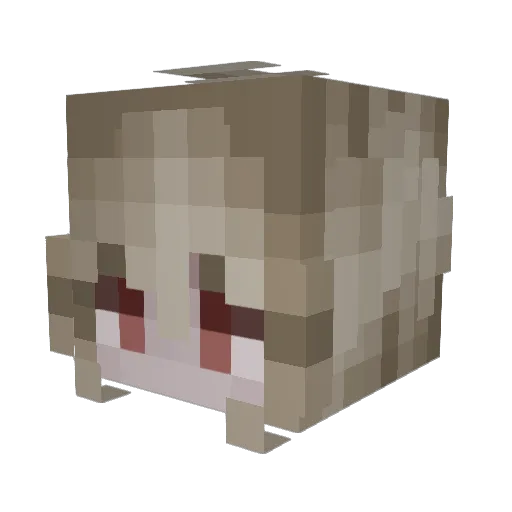 Tazusa Minecraft avatar head, 3D render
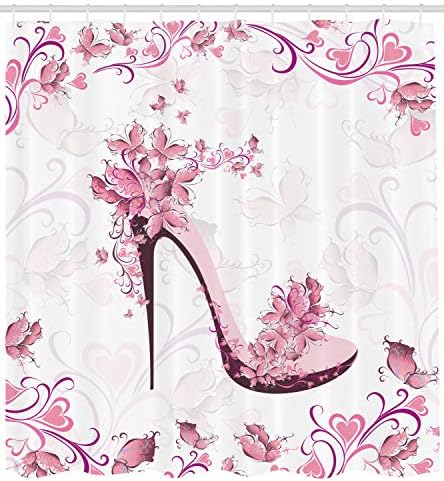 Cortină de duș roz și alb Ambesonne, fluturi și inimi ornamentale pe un model de pantofi cu călcâi înalt, modelul feminin din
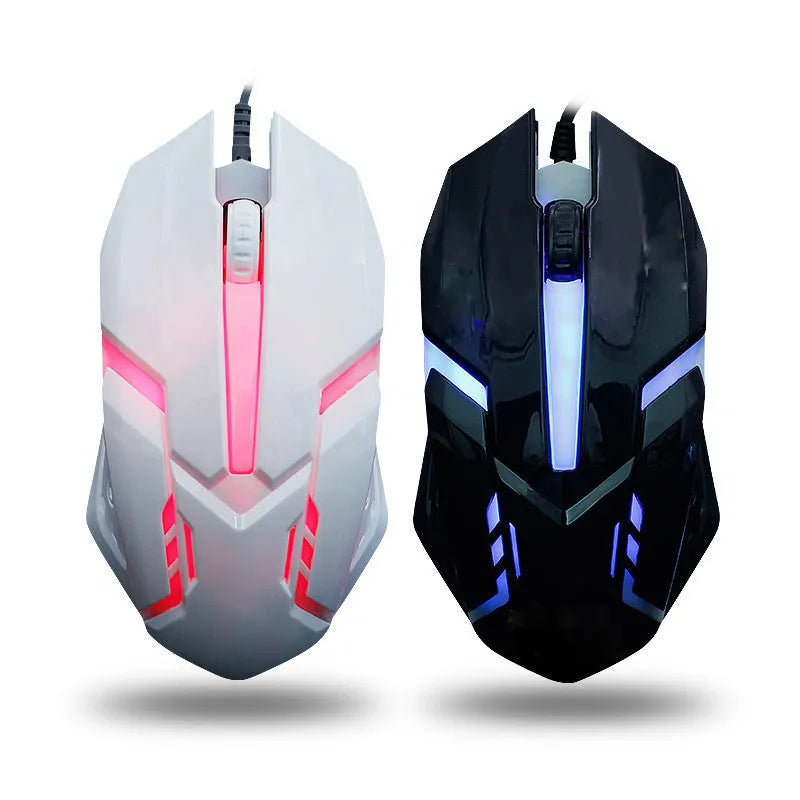 Wired USB mouse with colourful breathing light and 1.2-metre cable on a desk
---+---
INSTRUCTIONS FOR THE TASK:
Nothing but an exact copy of the data, without pictures, should be returned.

RESULT:
 Tazusa Minecraft avatar head, 3D render
 Cortină de duș roz și alb Ambesonne, fluturi și inimi ornamentale pe un model de pantofi cu călcâi înalt, modelul feminin din
 Wired USB mouse with colourful breathing light and 1.2-metre cable on a desk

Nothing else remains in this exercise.